Task description: Output the complete listing exactly, please, and keep the pictures out of it.

Data section:
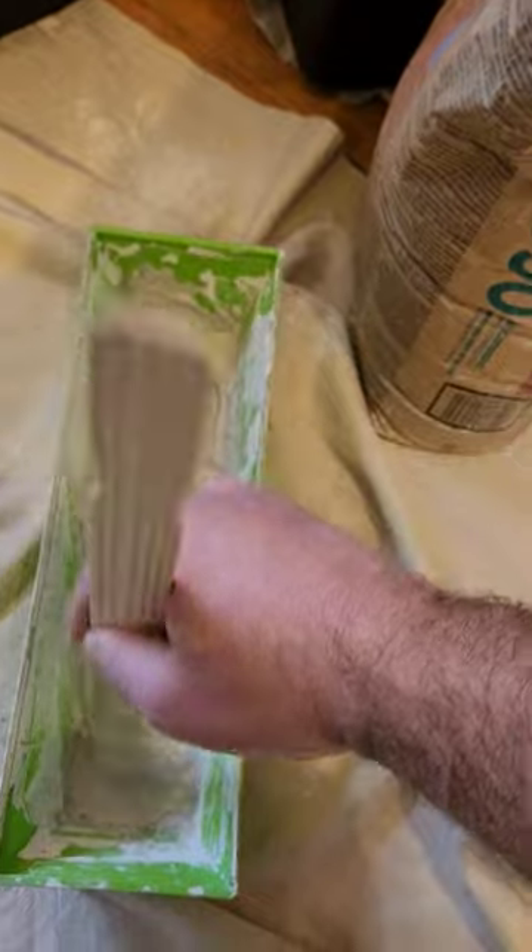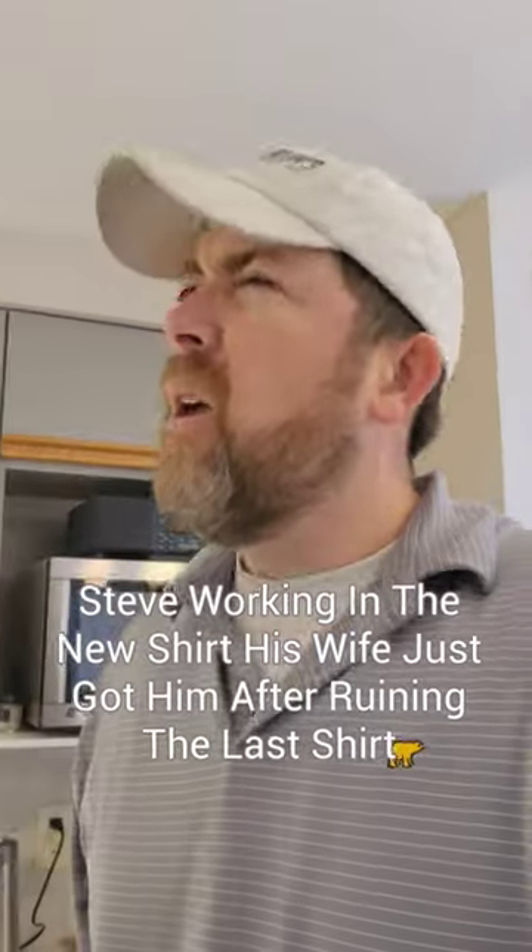Mix it up really well and trowel it on with a 4-inch knife. Looks great. I'll be back for another skim coat and then sand and prime tomorrow. Or will I?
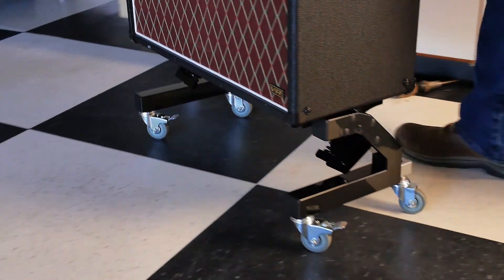The Rocker Amp Stand will work with any amplifier of any size and any weight made since 1950. You can also order it with casters for heavyweight amps.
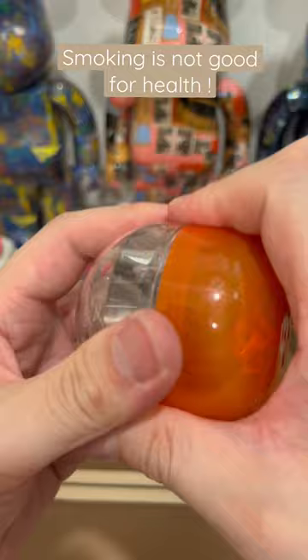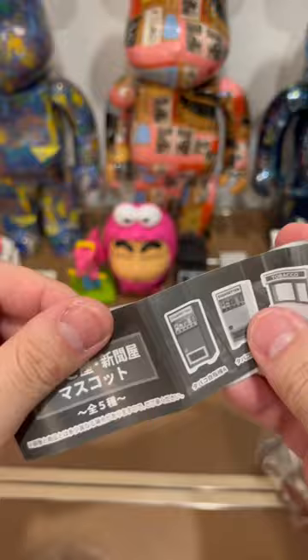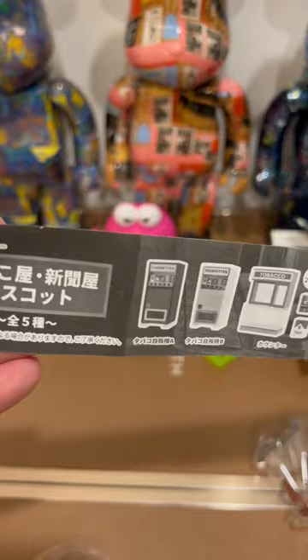All right, let's see what we have here. Cigarette and tobacco machine. I do not condone smoking — do not smoke, it's bad for your health — but I do like these classic machines.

Exercise output:
Mix it up really well and trowel it on with a 4-inch knife. Looks great. I'll be back for another skim coat and then sand and prime tomorrow. Or will I?
The Rocker Amp Stand will work with any amplifier of any size and any weight made since 1950. You can also order it with casters for heavyweight amps.
All right, let's see what we have here. Cigarette and tobacco machine. I do not condone smoking — do not smoke, it's bad for your health — but I do like these classic machines.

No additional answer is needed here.